Business Secretary Vince Cable said: “Employers are the best people to judge what training is worth investing in. These radical reforms will mean just that.
“It gives them the power to train their staff to make sure their skills are relevant to the company, instead of having to rely on what courses are available in the local area.”
The government also revealed it was looking at funding 16 to 18s “more generously”.
“We must recognise that younger apprentices have less labour market experience, which means the costs of getting them to the industry standard are potentially higher,” it says in the consultation document.
The first two models would both need the “time-consuming” construction of a new online system, but could be in place by 2016 “at the earliest”.

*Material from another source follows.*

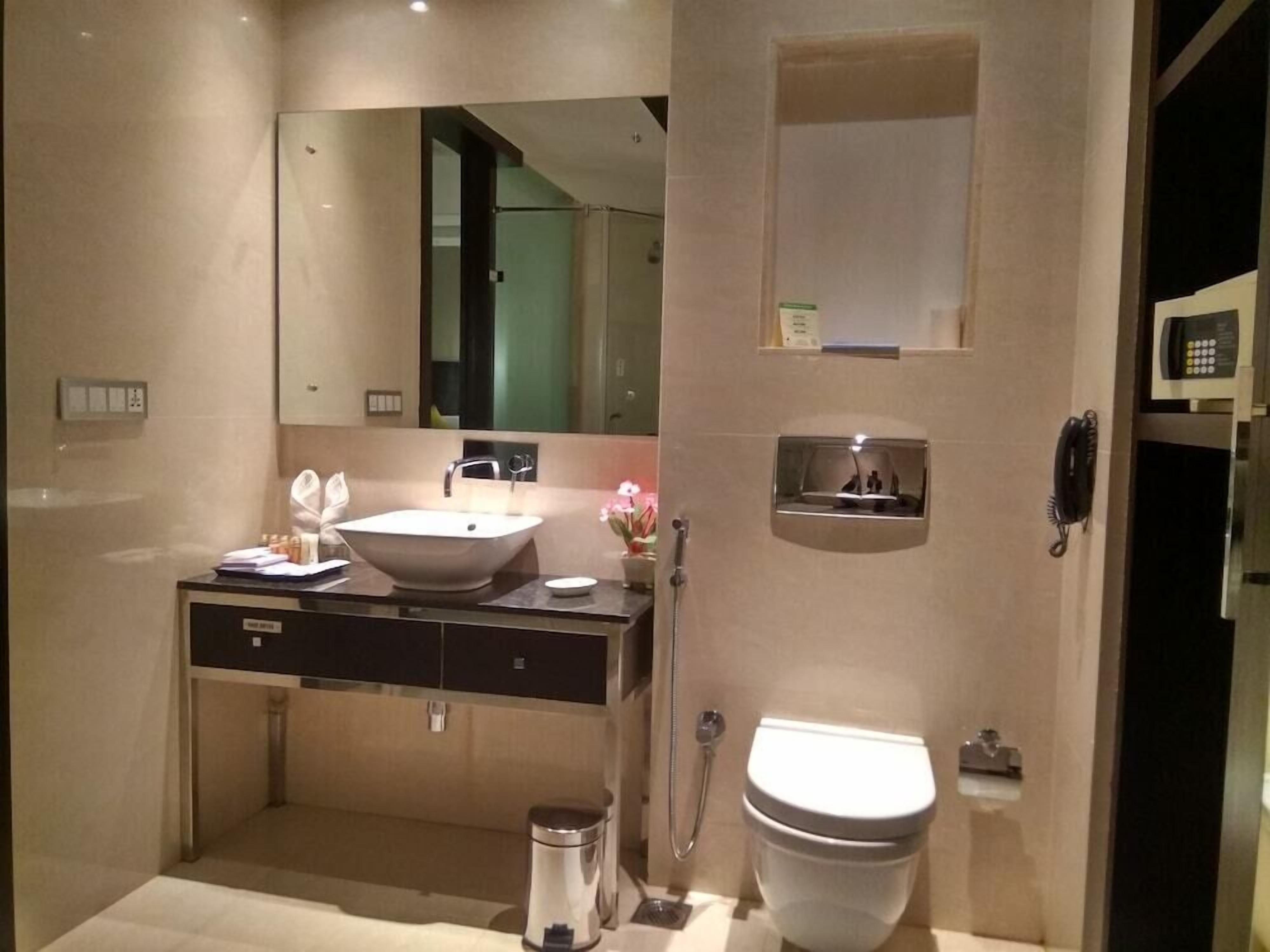 A modern bathroom with a large mirror, a sink, a toilet, and a shower.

However, common to each of the models is for “the employer and provider negotiating the content and price of eligible apprenticeship training”. It would replace a system of government-set national funding rates.
Skills Minister Matthew Hancock said: “By radically reforming the funding system we will allow employers to agree with training providers the content and price of training ensuring greater competition both on quality and on price.”
The proposal to use the tax system follows calls for reform from the UK Commission for Employment and Skills.
Its chief executive, Michael Davis, welcomed the consultation.
“The commission’s perspective is that we must return apprenticeships to their founding principle — a contract between the apprentice and the employer, valued and funded as such,” he said.
It sits alongside a review launched by Deputy Prime Minister Nick Clegg into the employment, education and training of 16 to 24-year-olds announced at a Confederation of British Industry dinner on Monday, July 15. The review is due out in the autumn.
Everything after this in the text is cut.